By: Lauren Moore
Aside from an outlet to share your most recent “Throwback Thursday” or “Women Crush Wednesday,” social media has evolved into an efficient means to spread awareness for a myriad of causes ranging from body positivity to fighting for equality. As activism through social media has become more popular, St. Mary’s students have taken full advantage of these platforms to advocate for causes they feel most passionate about.
Last year, eighth grader at the time, Celia Stem (9) had the idea to create the blog, Embrace Your Face, because, she says, “I was so insecure about how I acted and what I looked like. I figured there were a lot of other girls struggling with the same problems as me, so I made an Instagram account, got some friends together, and we started writing and posting.”

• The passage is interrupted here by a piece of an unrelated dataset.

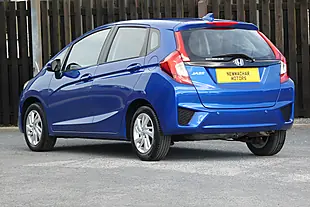 Used 2017 Honda Jazz Se Blue - Interior and Exterior details 4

Embrace Your Face began as a mere Instagram account, but has evolved into a full fledged online platform with its primary goal to “encourage girls to love, accept, and embrace themselves in a world that tells them to do otherwise.” One of the now multiple writers, Kate Stukenborg (9) became immediately involved, because, she explains “I was so drawn to the idea of being able to share my experiences and thoughts and be able to learn from others.” Celia then moved her message outside of her immediate circle of friends by “using Instagram, Twitter, and other kinds of social media” since it “is the easiest way to talk to people and get through to them. This is the best way to reach out to girls and spread our message in a quick and efficient way.”
Sharing many of Celia’s own experiences with social media, Hannah Mathews (11) explains that with “social media, there is this growing need to project a feeling that we’re perfect, or that we are not going through real struggles.” Mathews goes on to say that, due to these feelings, she felt that her “own way of trying to take on the social media stigma was to join the movement.”
She did so by getting involved in the Half the Story movement, a hashtag circulating Instagram that encourages people to share the real, imperfect, and often shielded aspects of their lives. As a result, Hannah discovered different organizations and movements and was even asked to write an article for the up and coming organization EBMatters, or “Every Body Matters,” which works to promote positive body image in today’s society.
Still, the instantaneous impact social media holds is not limited to the promoting of positivity, but it can also be used to make a statement. Jean Jackson (12) recently utilized Instagram and Facebook as a means to share her own experiences at the Memphis Women’s March. In the past, she participated in and posted about other things like embracing her culture and speaking up about “learning to accept instead of isolate those with diverse abilities” by sharing her work at Camp Able.
Jean says, “I feel strongly about black beauty and black hair,” which she has demonstrated through her use of the hashtag “Black Out Day,” a day dedicated to the recognition of black culture. Additionally, she has shared an image of herself wearing a dashiki, a loose, brightly colored shirt or tunic, originally from West Africa, with the caption “embracing that African heritage.” Jean says that social media makes it “easier to make change and influence other people because you can reach so many different people” In response, Sabrina Spence (11) said “I love how Jean's not afraid to embrace her black girl magic and how her message has inspired me to be that bold and comfortable with myself.”